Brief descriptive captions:
[Start of section]

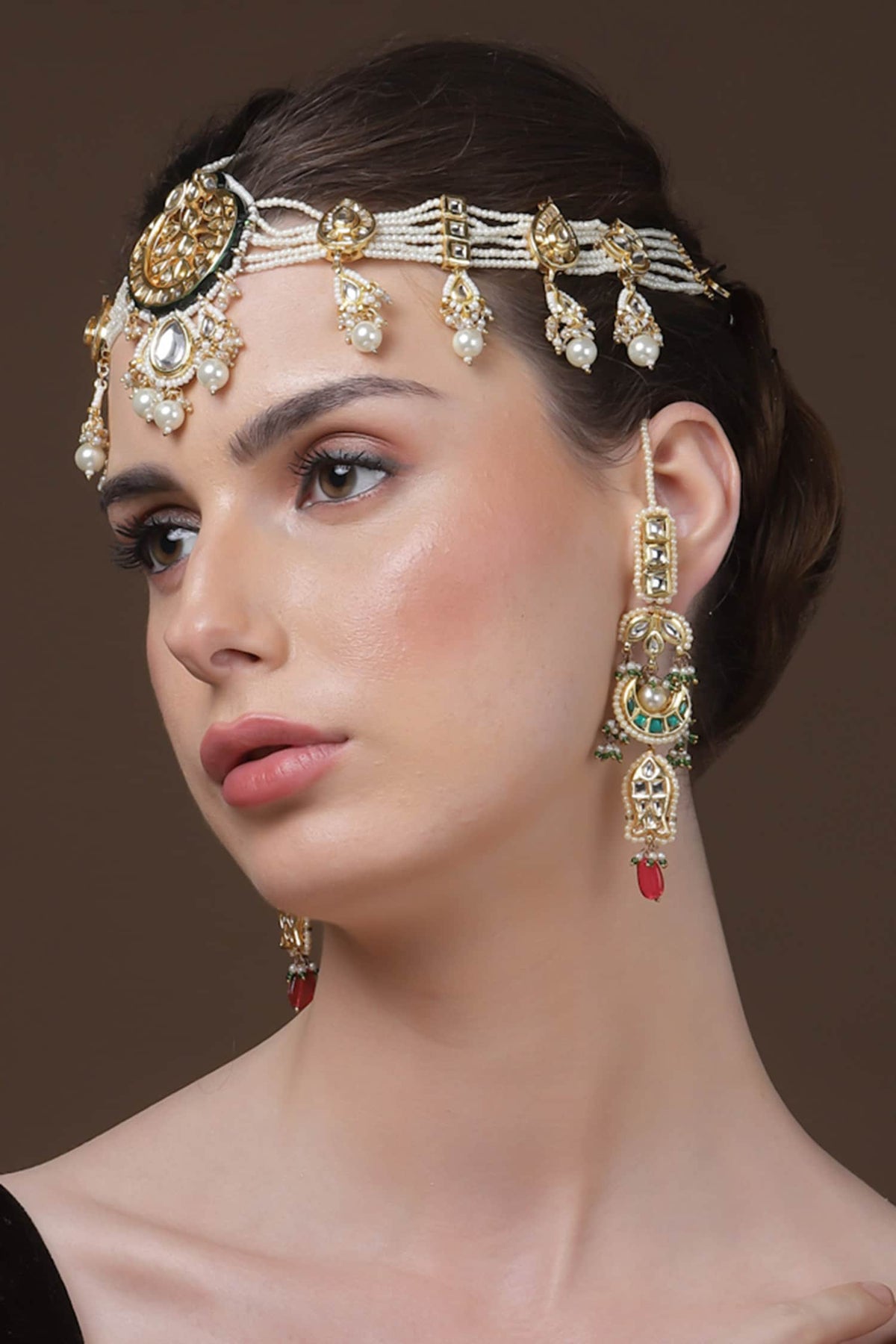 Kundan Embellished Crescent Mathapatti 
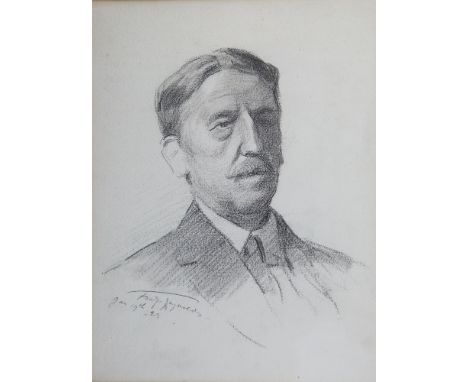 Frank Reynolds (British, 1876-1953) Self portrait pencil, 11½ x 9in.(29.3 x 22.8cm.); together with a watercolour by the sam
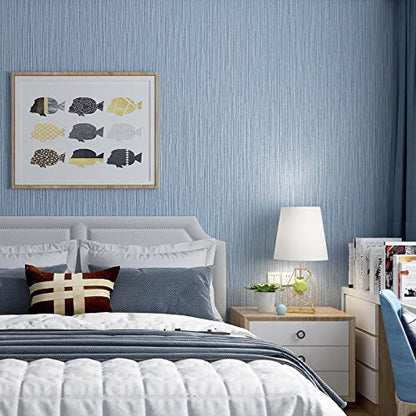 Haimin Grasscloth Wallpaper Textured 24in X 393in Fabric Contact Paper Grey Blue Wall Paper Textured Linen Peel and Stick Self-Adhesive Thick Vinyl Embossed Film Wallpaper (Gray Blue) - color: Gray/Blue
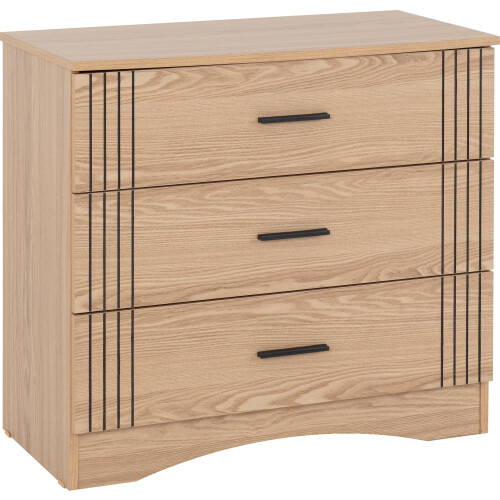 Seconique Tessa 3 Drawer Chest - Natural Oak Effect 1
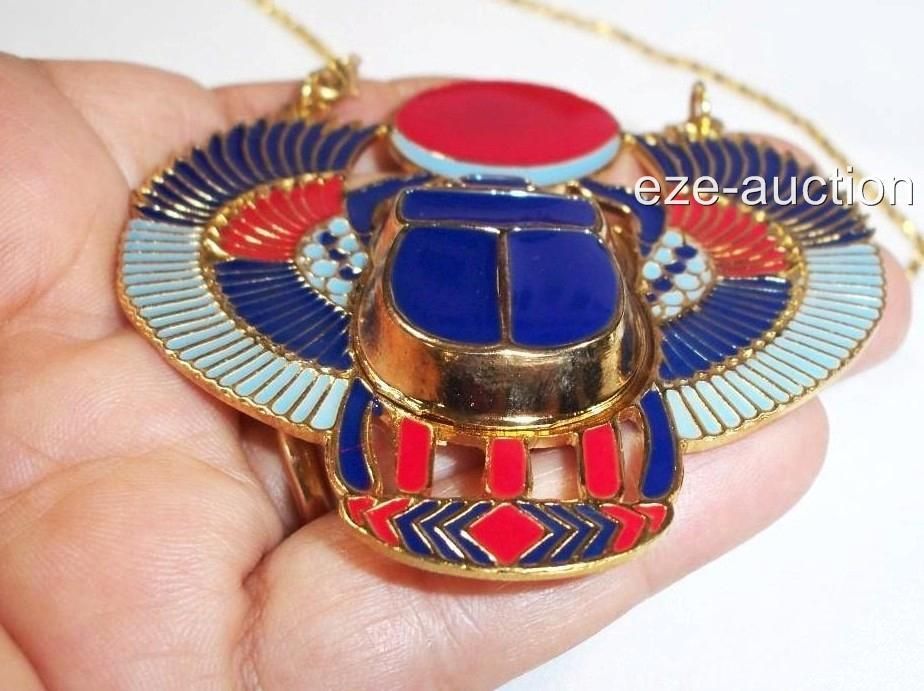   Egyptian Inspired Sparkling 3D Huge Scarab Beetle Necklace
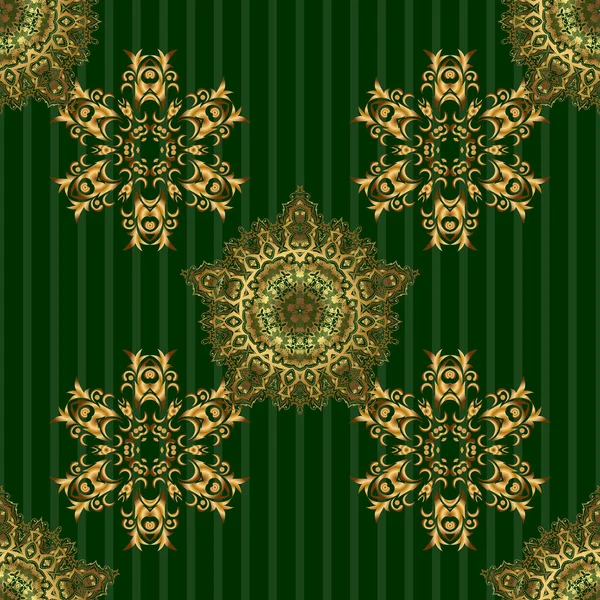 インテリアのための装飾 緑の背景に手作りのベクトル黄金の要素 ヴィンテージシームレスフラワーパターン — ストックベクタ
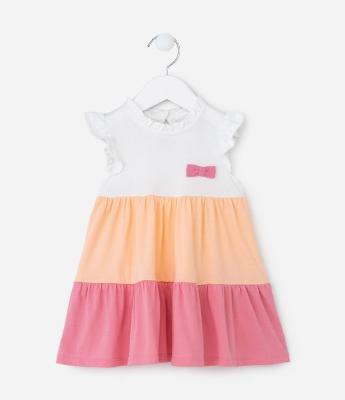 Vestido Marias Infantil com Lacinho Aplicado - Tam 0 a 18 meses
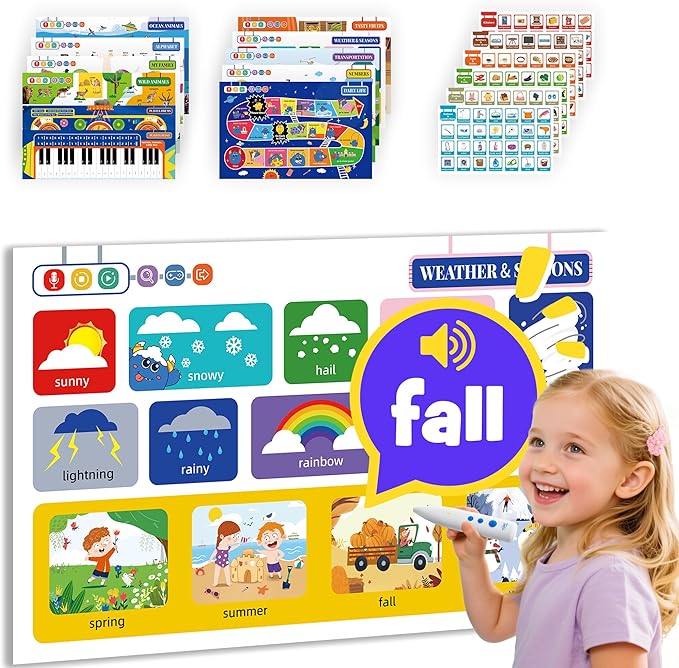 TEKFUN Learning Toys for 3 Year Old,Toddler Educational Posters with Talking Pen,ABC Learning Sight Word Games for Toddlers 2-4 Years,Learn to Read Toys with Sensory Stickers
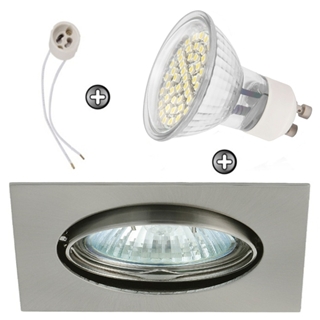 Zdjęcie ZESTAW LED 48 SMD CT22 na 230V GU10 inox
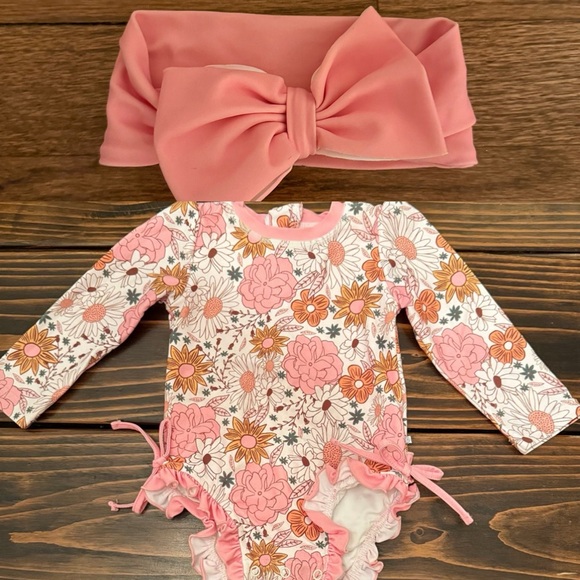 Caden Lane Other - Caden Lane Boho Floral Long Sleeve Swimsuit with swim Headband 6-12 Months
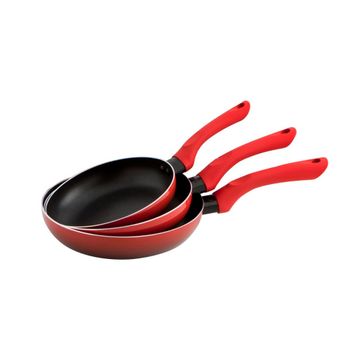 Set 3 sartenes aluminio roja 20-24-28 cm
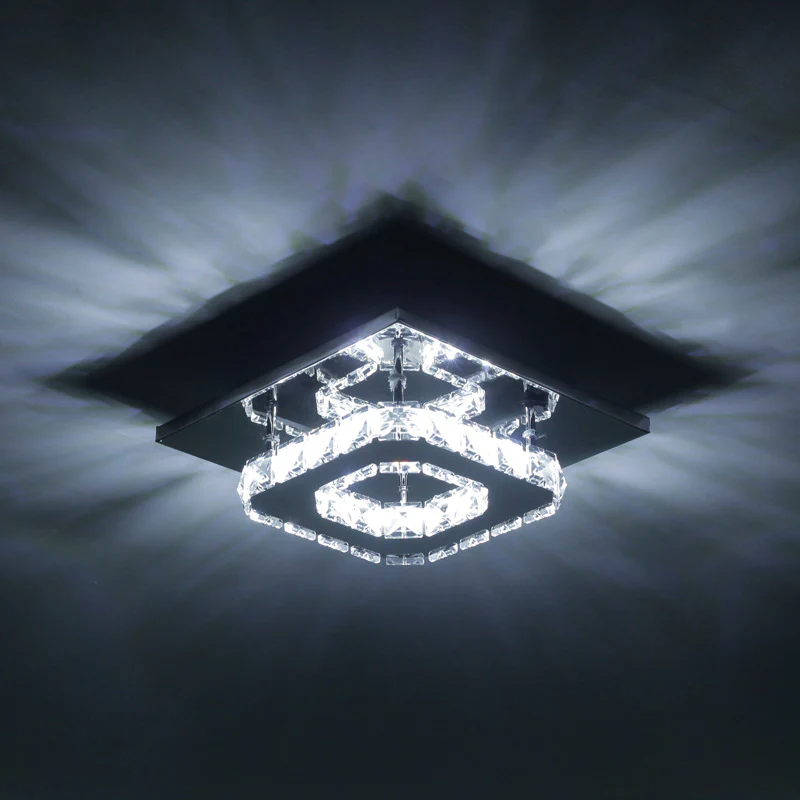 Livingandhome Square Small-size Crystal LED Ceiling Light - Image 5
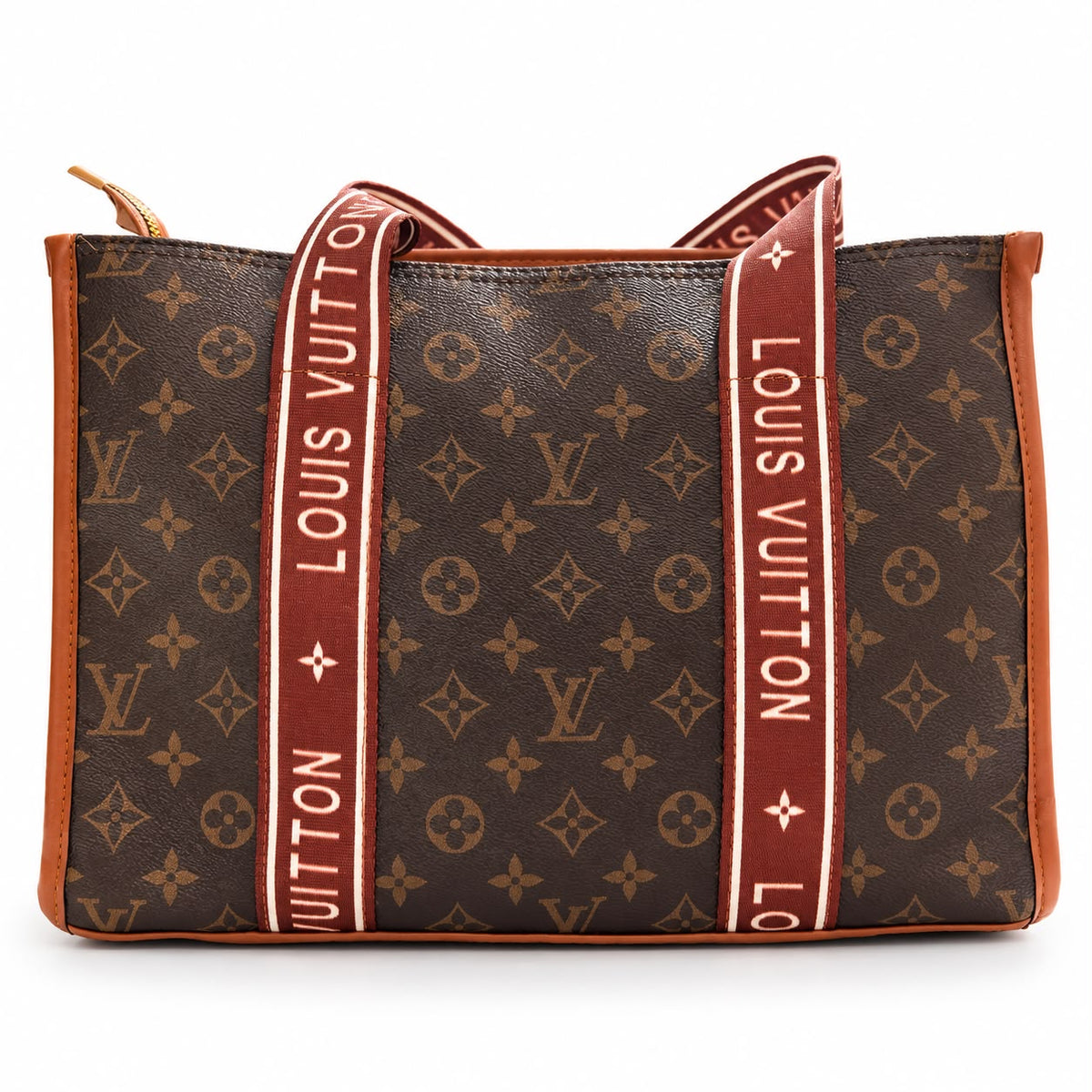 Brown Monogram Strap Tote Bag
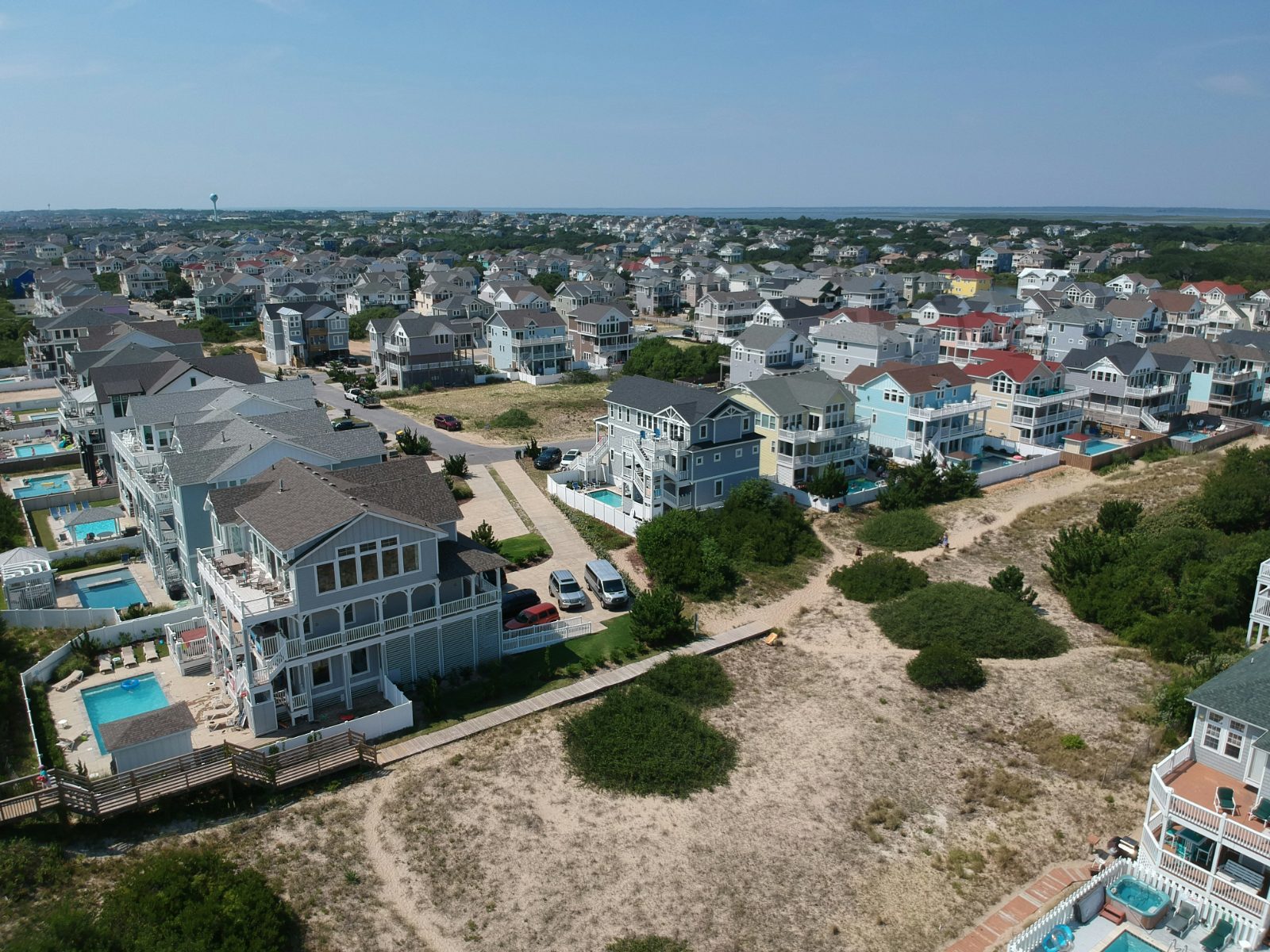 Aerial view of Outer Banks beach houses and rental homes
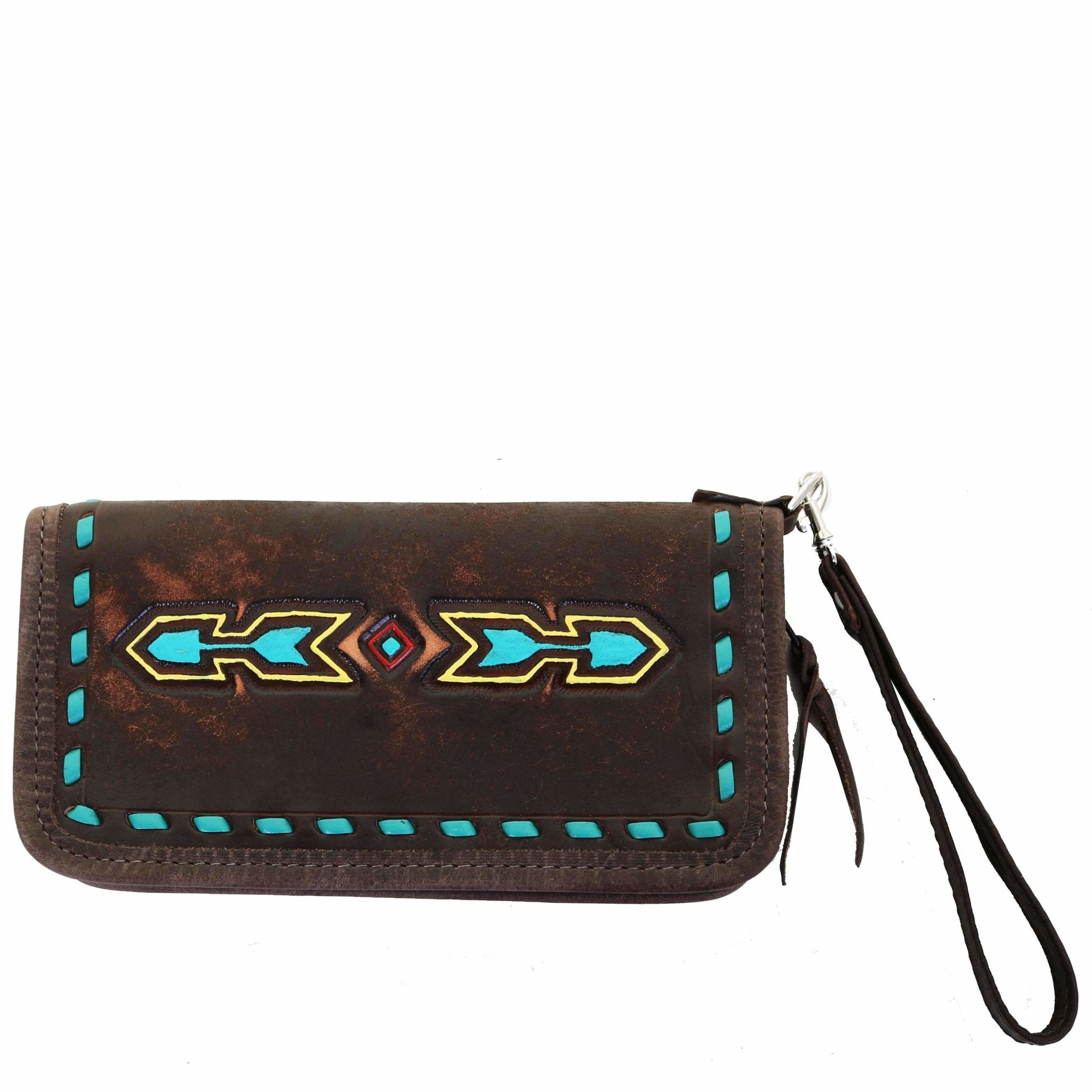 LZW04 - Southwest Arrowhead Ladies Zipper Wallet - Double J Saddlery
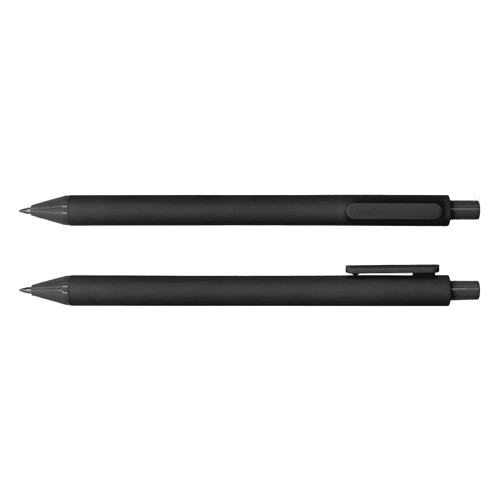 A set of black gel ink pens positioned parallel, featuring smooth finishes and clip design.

[End of section]

◆ Task details: The data above holds the lines to copy: start at the one with "Zdjęcie ZESTAW LED", stop at the one with "Livingandhome Square Small-size", include both, copy them exactly without pictures, and copy nothing else.

◆ Response to the exercise:
 Zdjęcie ZESTAW LED 48 SMD CT22 na 230V GU10 inox
 Caden Lane Other - Caden Lane Boho Floral Long Sleeve Swimsuit with swim Headband 6-12 Months
 Set 3 sartenes aluminio roja 20-24-28 cm
 Livingandhome Square Small-size Crystal LED Ceiling Light - Image 5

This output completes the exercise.